A couple of weeks ago I wrote about the need for applied digital preservation research. The post generated a number of great comments and I’ll take some time over the next few months to dig a little deeper into each subject area and try and tease out where the useful efforts are, while also identifying further gaps that might be plugged by further research.
This time I’ll dive a little deeper into email archiving. Perhaps it’s best to start with the first question from last time: What are the main challenges of email archiving?
At the highest level, Chris Prom, in his DPC Technology Watch Report on Preserving Email (pdf) identifies two areas: perceived technological barriers; and legal mandates that prioritize minimum legal retention periods favoring record destruction over long-term access.
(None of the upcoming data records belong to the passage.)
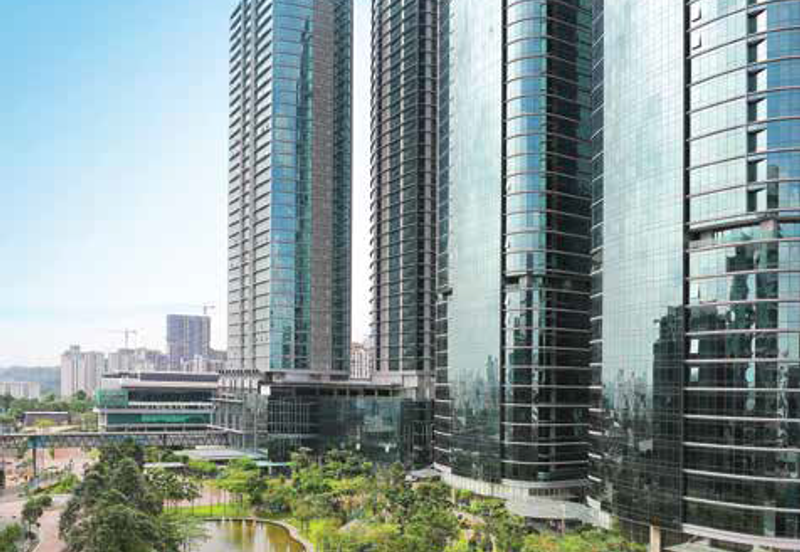 Laurel Residence, Bangsar South, KL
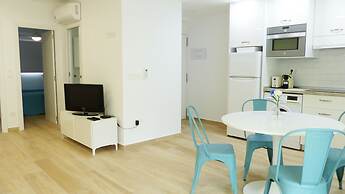 Apartamento Holiday Beach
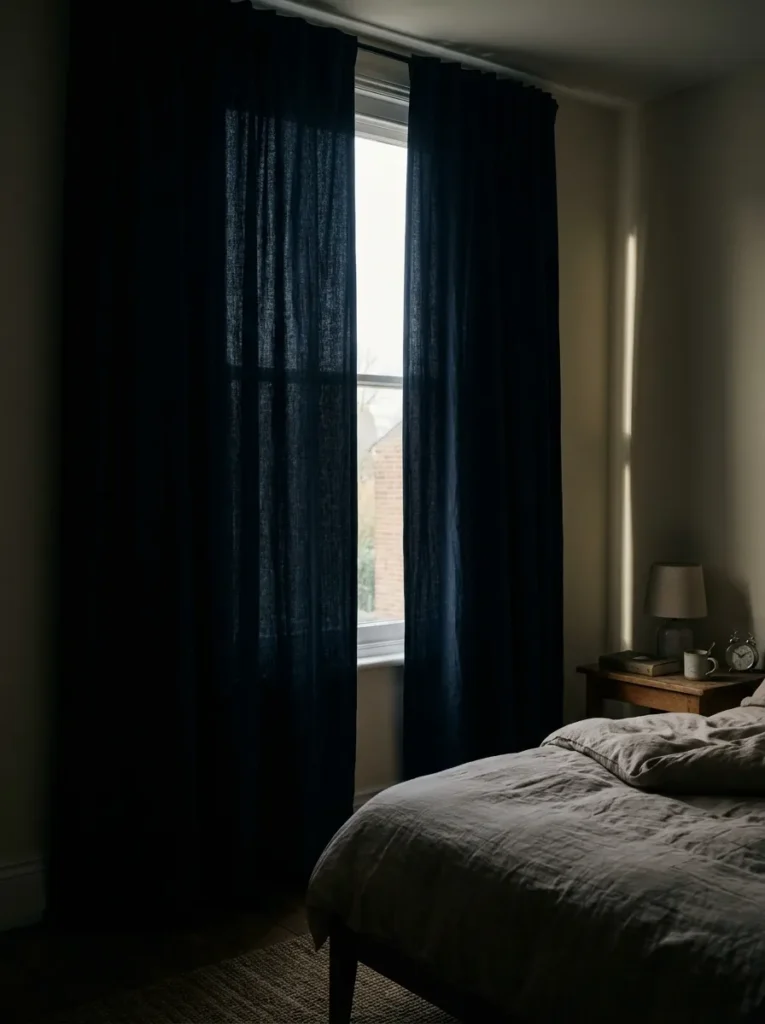 Blackout Curtain Upgrade - Upgrade tip llbloghome
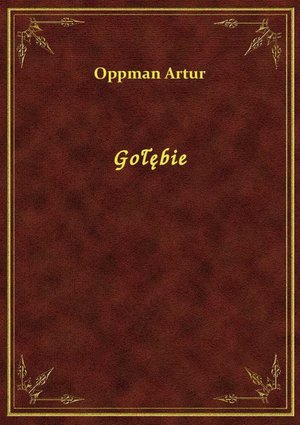Gołębie – ebook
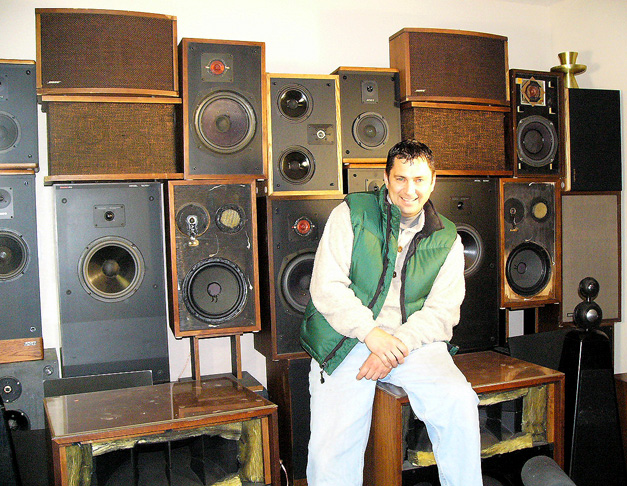 old speakers for sale
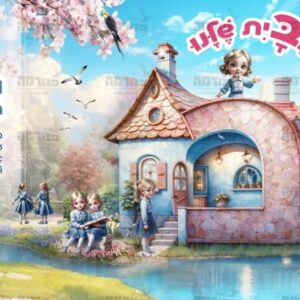 פוסטר ‘בבית שלנו’ – מקוצר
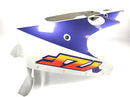 Yamaha YZF 750 R 4HN [1995] - Fairing keel fairing lower part-1
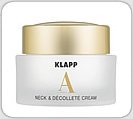 Klapp - A Classic Neck & Decollete Cream 50 ml
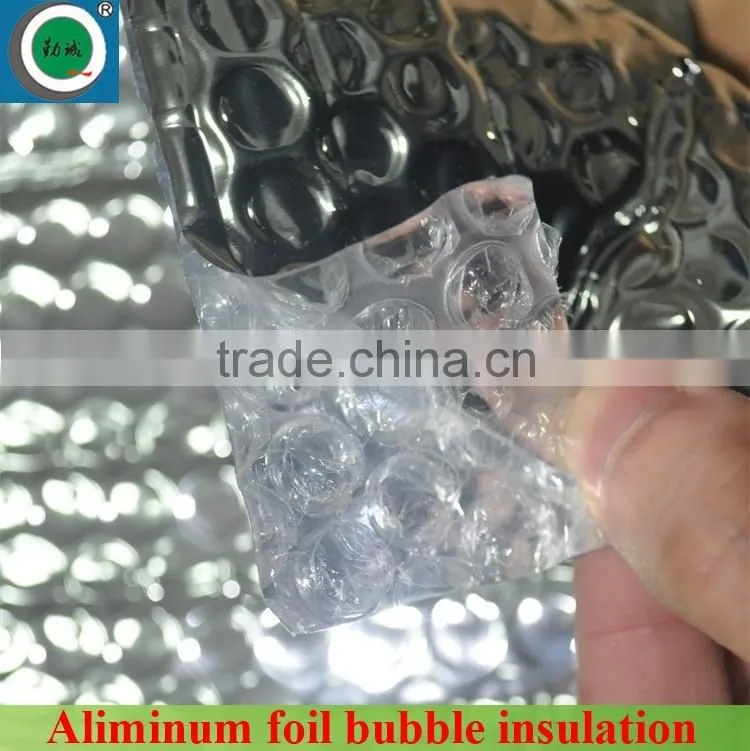 Aluminum Foil Bubble Thermal Insulation Materials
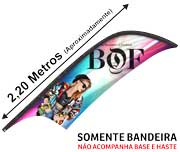 Wind Banner Bandeira Avulsa Tecido Microfibra — foto 4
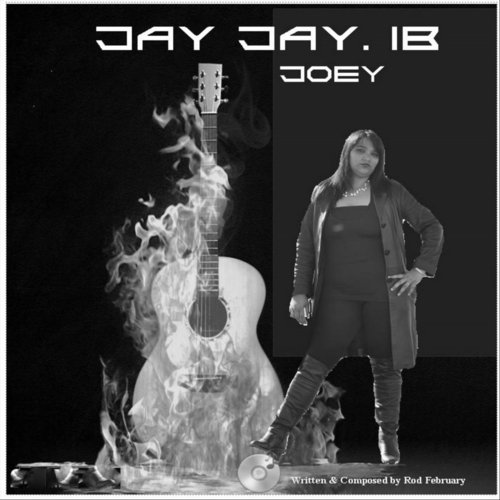 Joey cover art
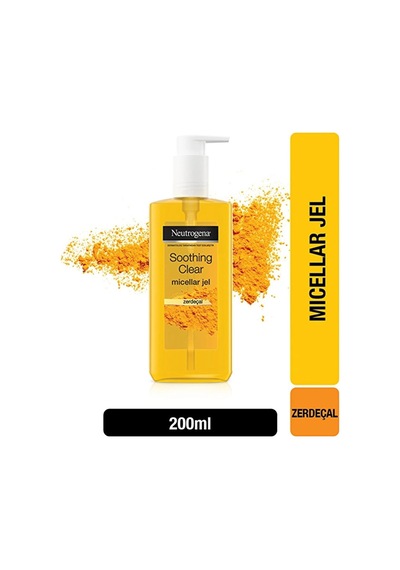 Soothing Clear 200ml Jel 3574661529226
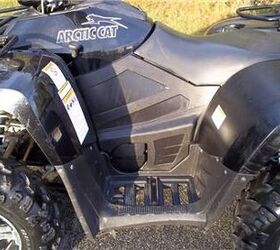 great running 1 owner arctic cat h1 efi le that comes with all the goodies for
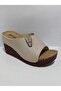 26-893 Anatomic Women's Wedge Heel Slippers - 5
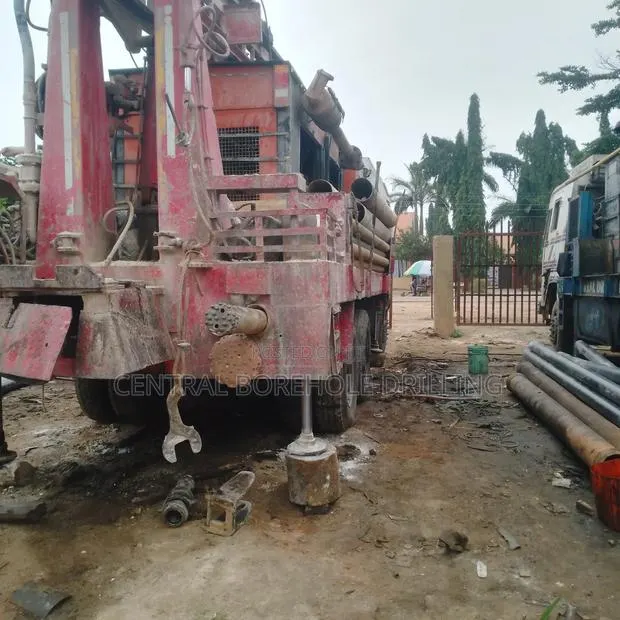 Winneba Borehole Drilling and Repairs · Photo 1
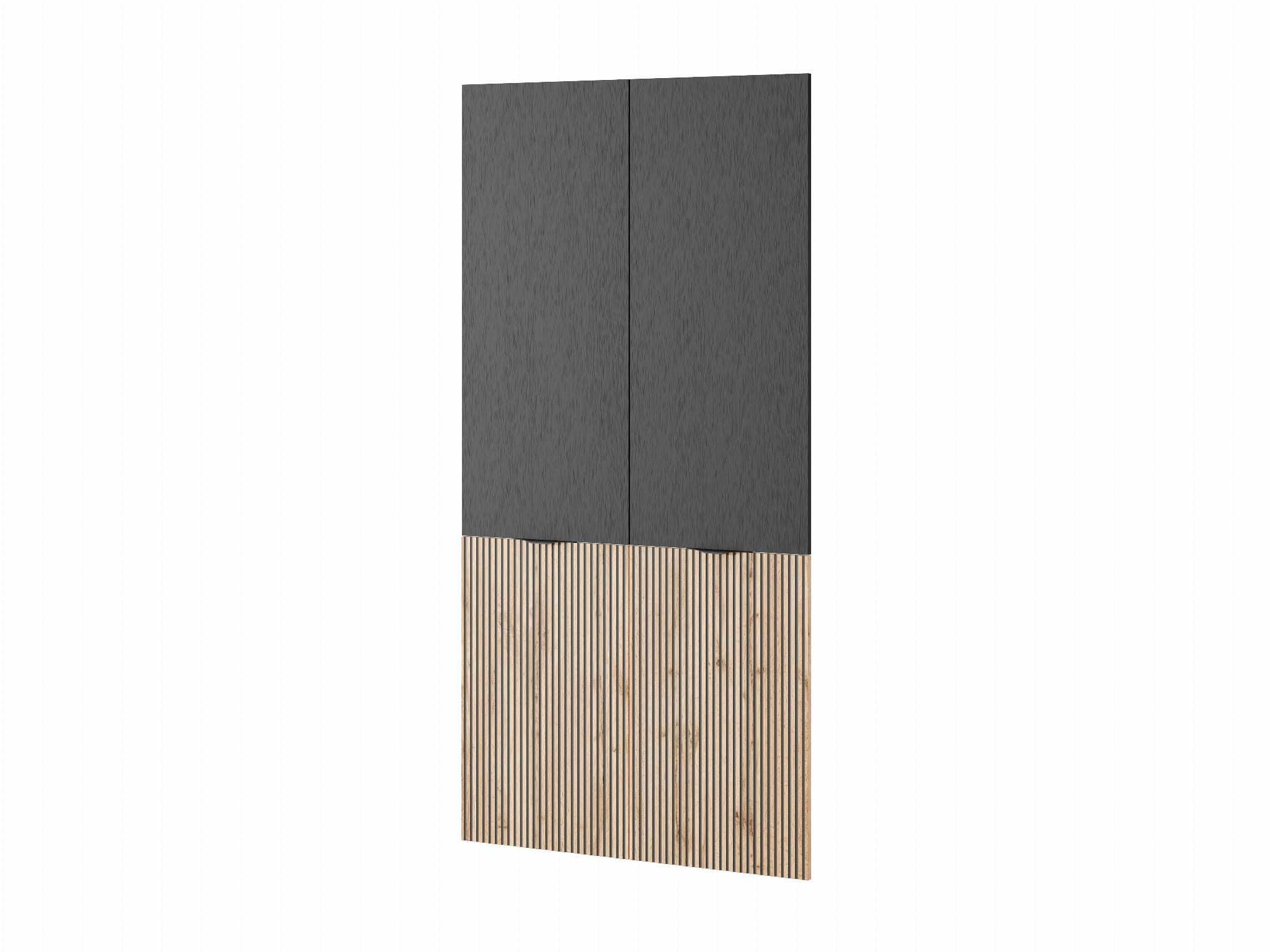 Nowość szafa modułowa 101 /200cm   sandobox sento - szybka wysyłka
While the legal and policy questions are undoubtedly important, I’m going to leave them for another day and focus for now on the technical issues. And before we can address the “how” of email preservation we need to know “what” an email message is.
A strand of research addressing the “what” for any particular format comes under the rubric of “significant properties.” I won’t go into it any more deeply, but a particularly worthy introduction to this branch of research is “Significant properties of digital objects: definitions, applications, implications” (pdf) by Margaret Hedstrom and Cal Lee from 2002. (This path of exploration also leads to tools like JHOVE, JHOVE2 and DROID.)
So how do we know exactly what we need to capture when we’re talking about preserving an email message? Generally speaking, there is common conformance to the “Internet Message Format” syntax (RFC 2822) across mail systems, but there’s been little to no standardization on email storage formats within clients (look at Prom’s chapter on “IETF Standards” for a much richer discussion of these issues).
Gareth Knight looked at email messages through the veneer of “significant properties” research in the 2009 “Significant Properties Testing Report: Electronic Mail,” part of the InSPECT series of testing reports on different kinds of electronic content (the folks at Archivematica have helpfully summarized the information in Knight’s report to a concise table).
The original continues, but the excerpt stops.